((

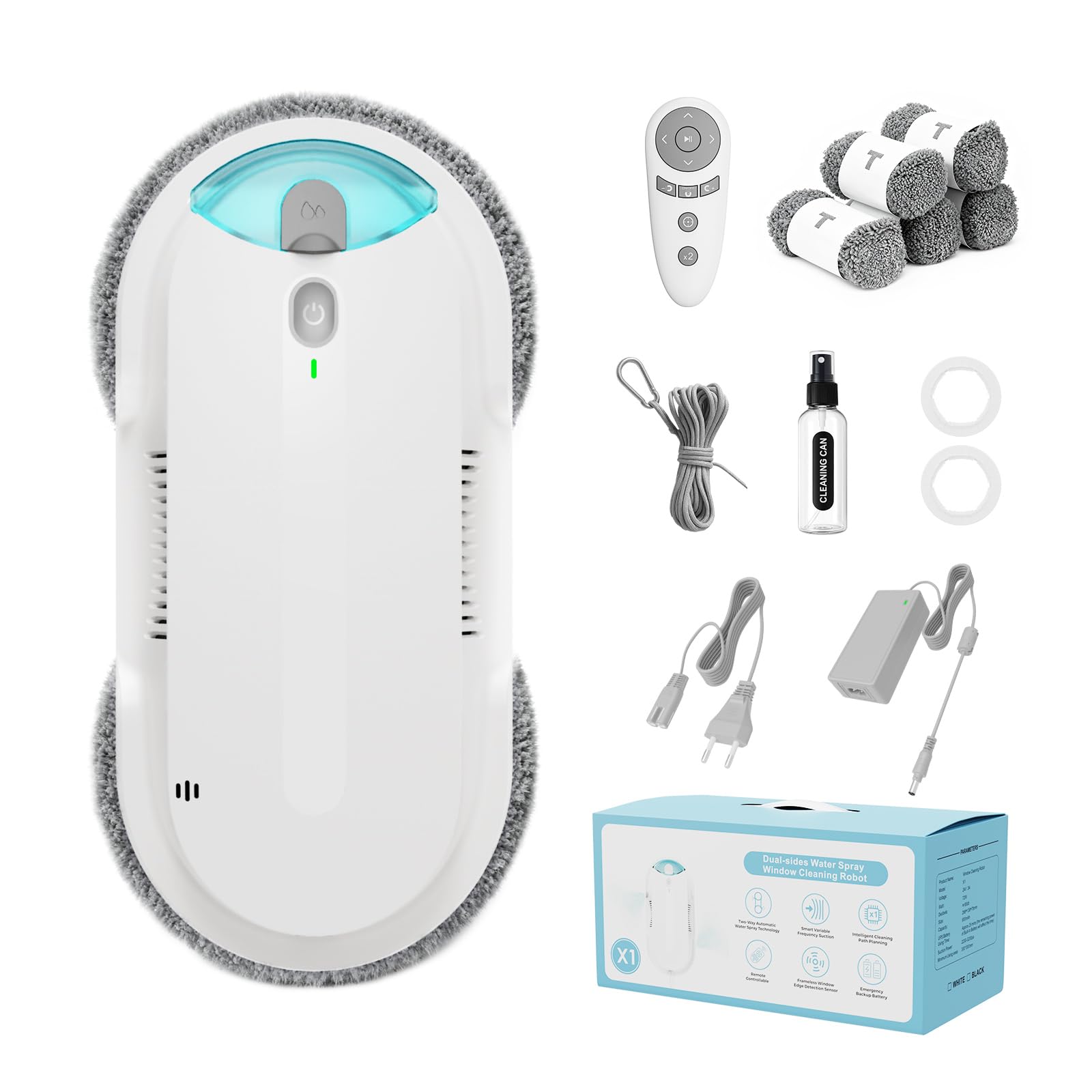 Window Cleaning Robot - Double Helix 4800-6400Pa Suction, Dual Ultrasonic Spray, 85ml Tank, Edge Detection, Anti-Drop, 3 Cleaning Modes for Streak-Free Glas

))
((

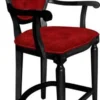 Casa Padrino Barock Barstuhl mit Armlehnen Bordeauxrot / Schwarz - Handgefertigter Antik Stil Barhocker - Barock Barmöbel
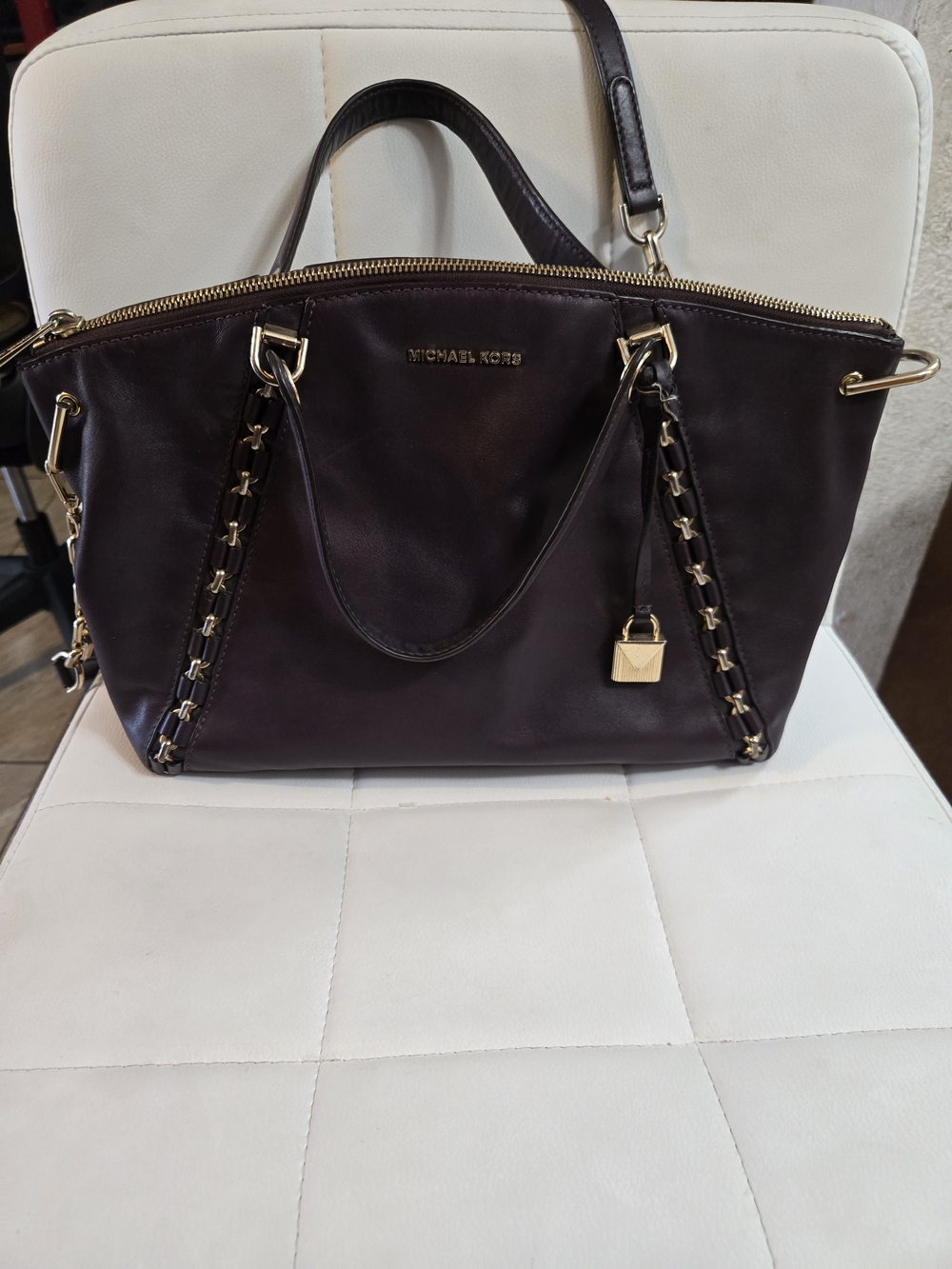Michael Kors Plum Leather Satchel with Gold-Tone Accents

))
((

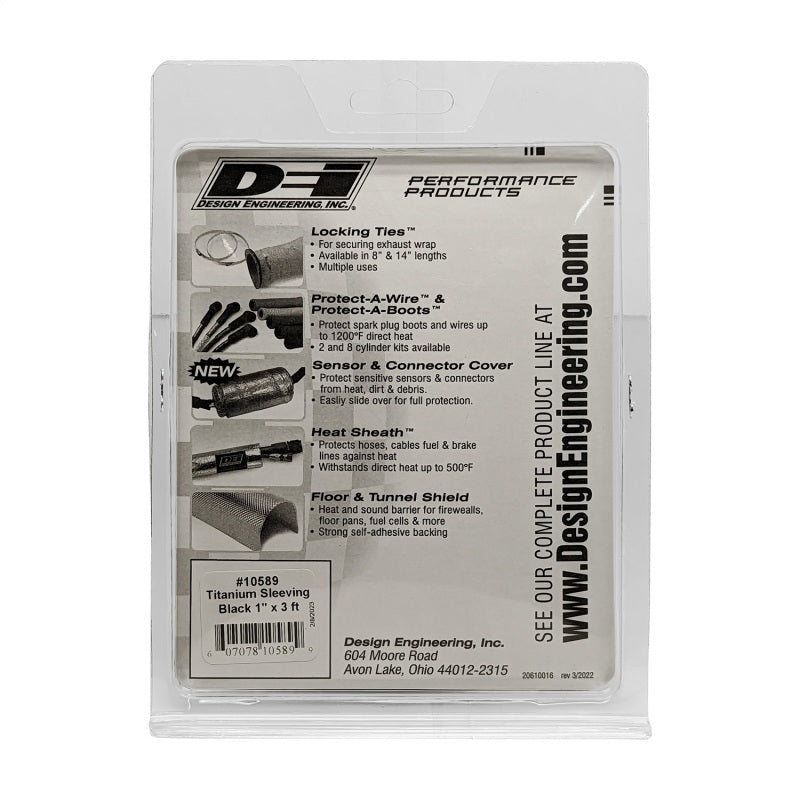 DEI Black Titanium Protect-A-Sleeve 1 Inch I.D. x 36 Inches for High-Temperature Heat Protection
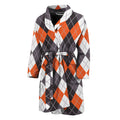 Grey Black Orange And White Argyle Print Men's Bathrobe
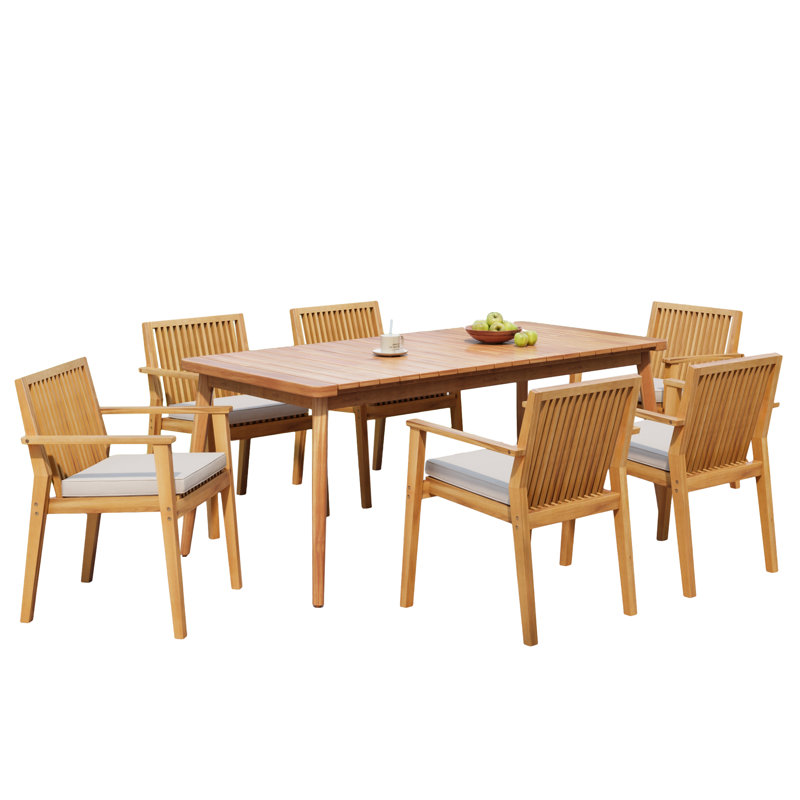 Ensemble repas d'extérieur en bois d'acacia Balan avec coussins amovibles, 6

))

(Exercise directions) Using the entries above, repeat exactly the lines from the one with "Casa Padrino Barock" to the one with "Michael Kors Plum", both included, and leave the pictures behind.

(Response)
 Casa Padrino Barock Barstuhl mit Armlehnen Bordeauxrot / Schwarz - Handgefertigter Antik Stil Barhocker - Barock Barmöbel
Michael Kors Plum Leather Satchel with Gold-Tone Accents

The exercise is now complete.